Required work
The answer should be the exact lines from the line containing "Luxbird Vintage Clear" through the last line of the material below, with no pictures.

Dataset entries
□ □ □ □ □

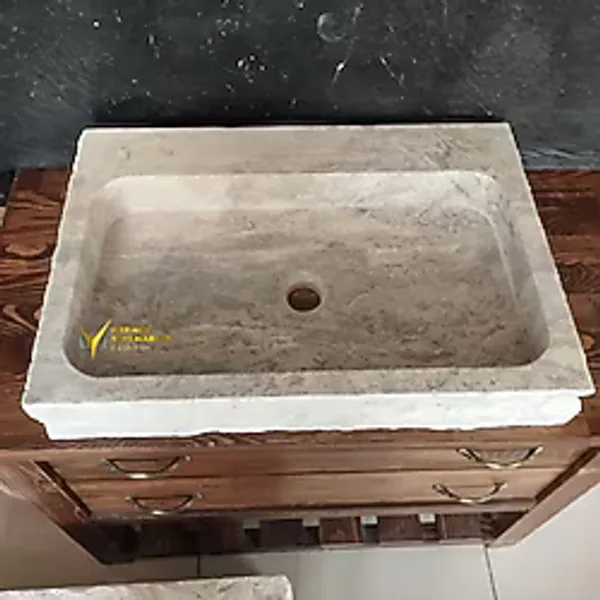 Mym Mermer Yapı Market Gümüş Traverten Natural Patlatma Köşeli Lavabo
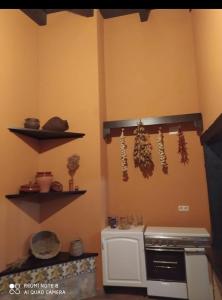 eine Küche mit Herd und Regalen in einem Raum in der Unterkunft Villa Gracia in La Puebla de los Infantes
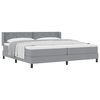vidaXL Boxspringbett mit Matratze Hellgrau 200 x 200 cm Polyester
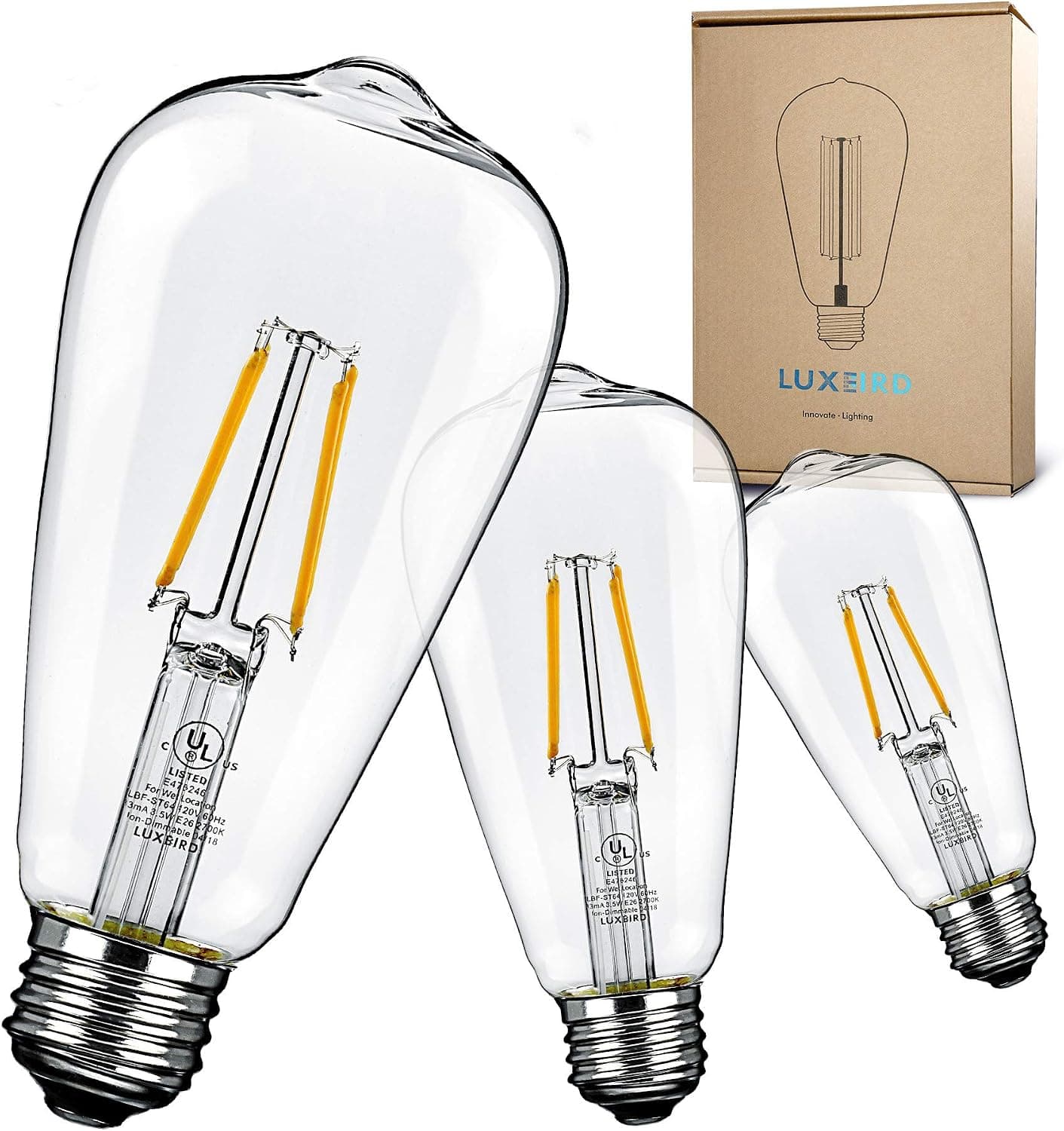 Luxbird Vintage Clear LED ST64 Bulbs 6 Pack E26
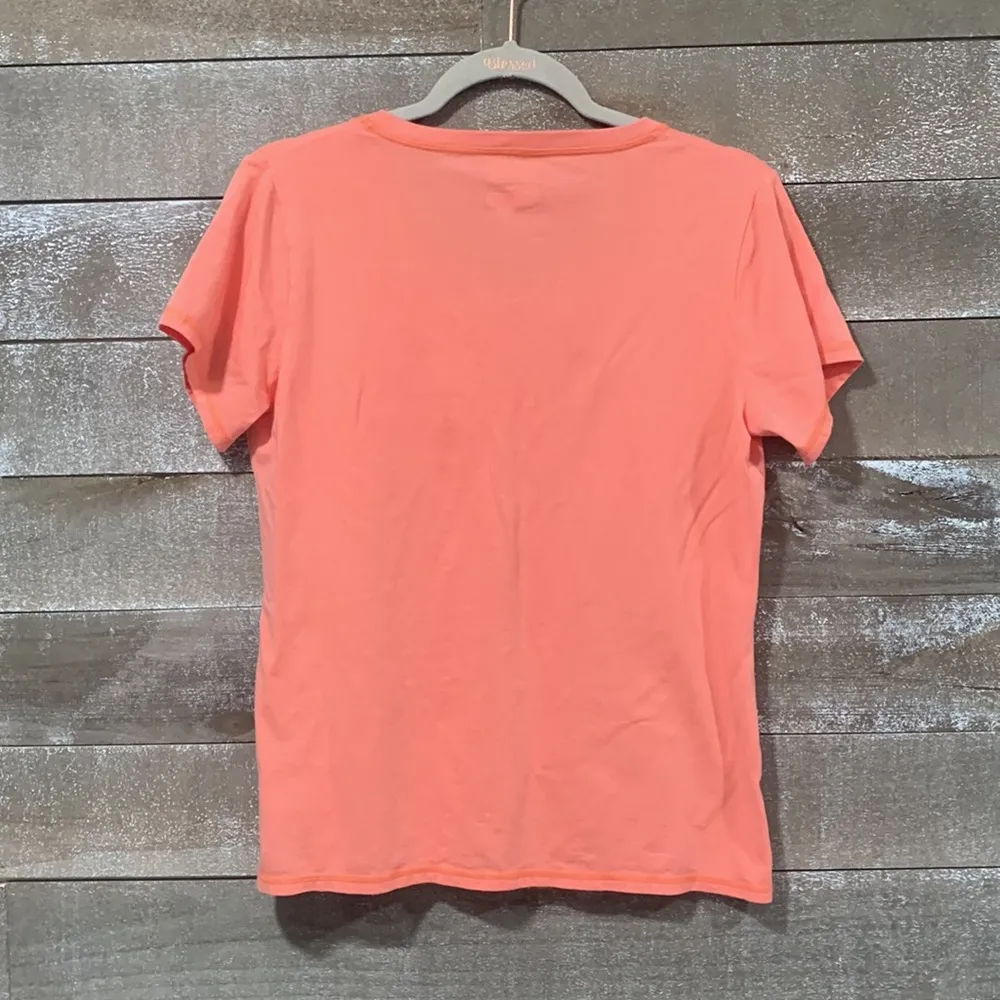 Cariloha bamboo fit performance fit organic cotton blend tee in sunkissed coral Orange Size L - Image 5
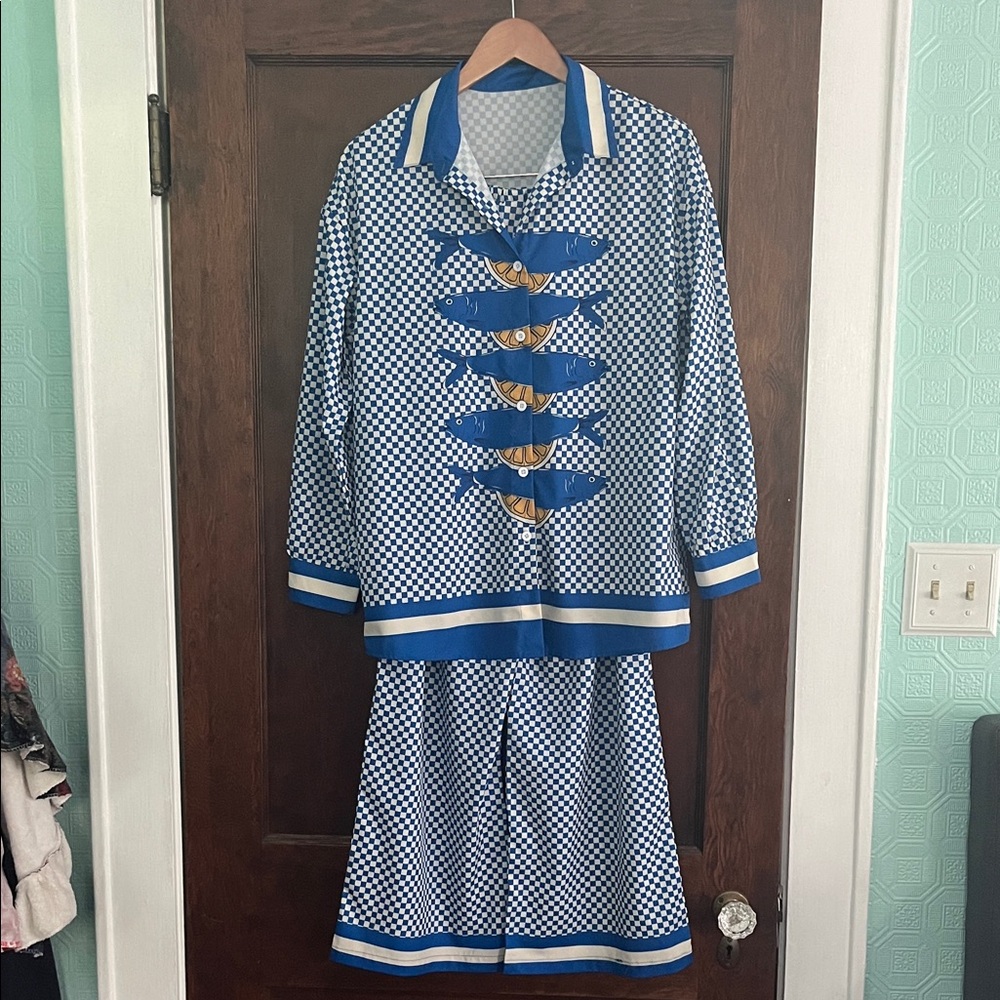 SHEIN Blue and White Checkered beach outfit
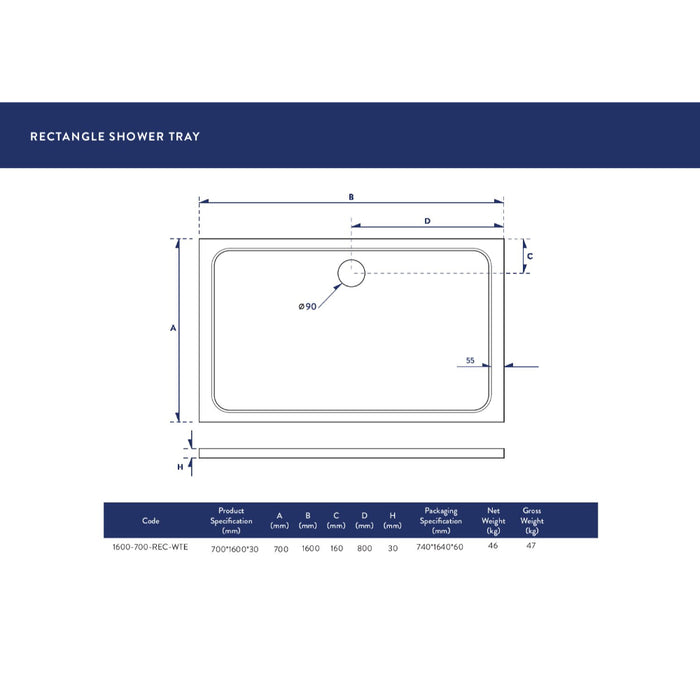 Scudo Riva Rectangular Shower Tray with Waste - White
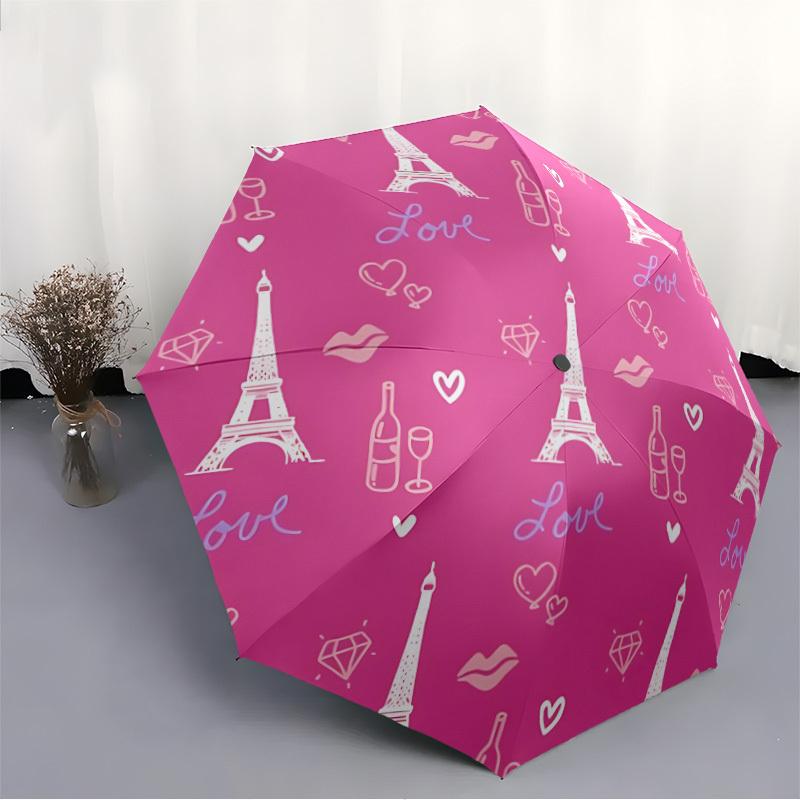 1pc Paris Love Pattern Automatic Open/Close Umbrella, Compact Travel Umbrella, 8-Rib Sturdy Frame - Ideal Gift for Friends yy251118080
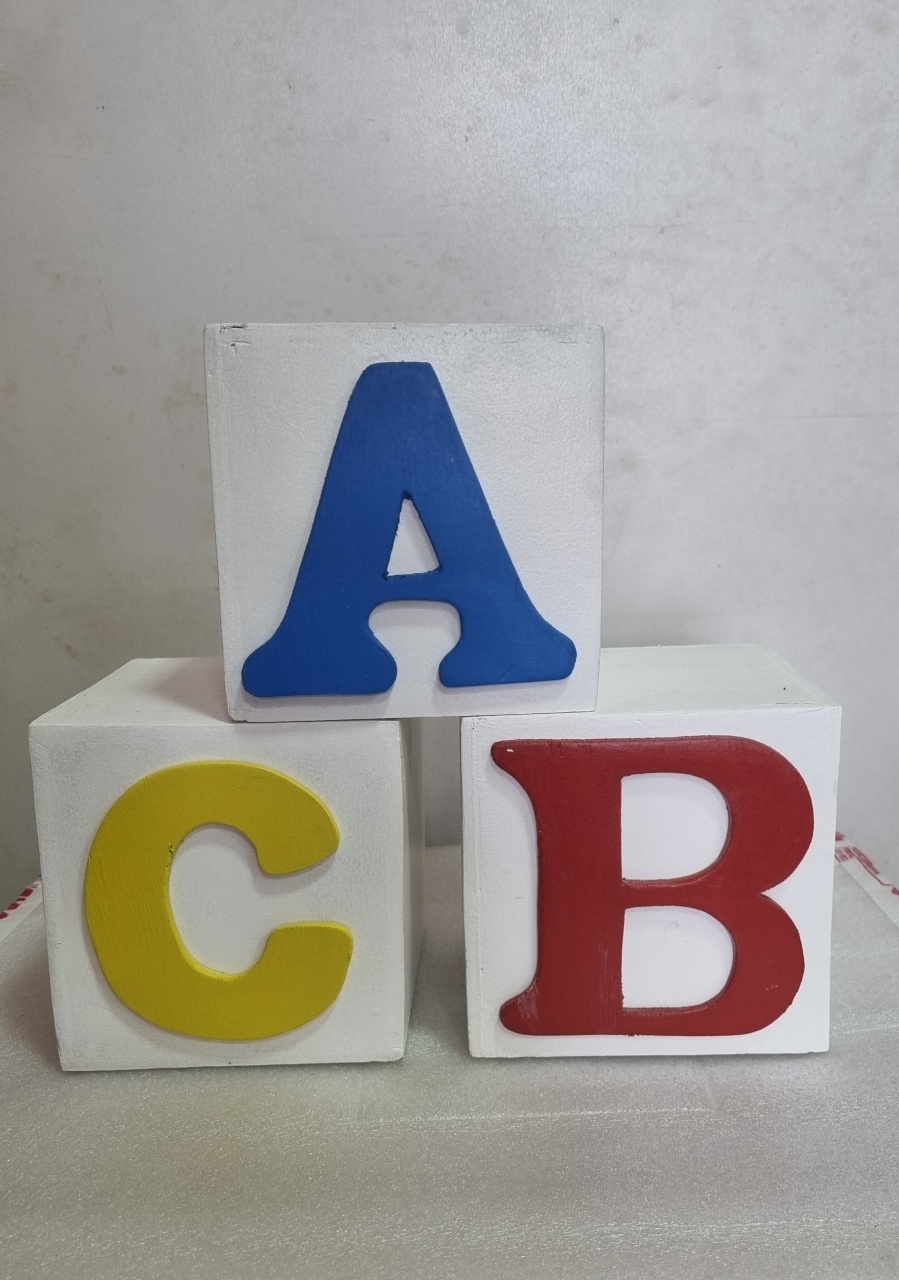 Trio Cubos de Mesa Abc  - Mabelly Festas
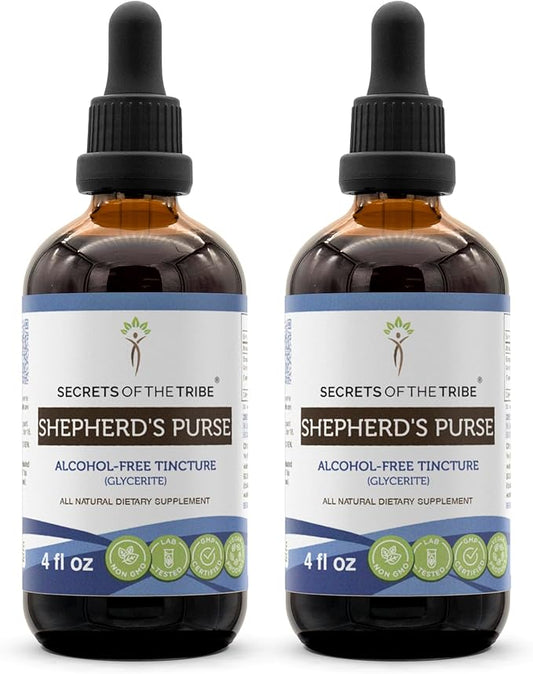 Secrets of the Tribe Shepherd's Purse Alcohol-Free Liquid Extract, Shepherd's Purse (Capsella Bursa-Pastoris) Dried Herb (2x4 FL OZ)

□ □ □ □ □

Output of the exercise
 Luxbird Vintage Clear LED ST64 Bulbs 6 Pack E26
 Cariloha bamboo fit performance fit organic cotton blend tee in sunkissed coral Orange Size L - Image 5
 SHEIN Blue and White Checkered beach outfit
 Scudo Riva Rectangular Shower Tray with Waste - White
 1pc Paris Love Pattern Automatic Open/Close Umbrella, Compact Travel Umbrella, 8-Rib Sturdy Frame - Ideal Gift for Friends yy251118080
 Trio Cubos de Mesa Abc  - Mabelly Festas
 Secrets of the Tribe Shepherd's Purse Alcohol-Free Liquid Extract, Shepherd's Purse (Capsella Bursa-Pastoris) Dried Herb (2x4 FL OZ)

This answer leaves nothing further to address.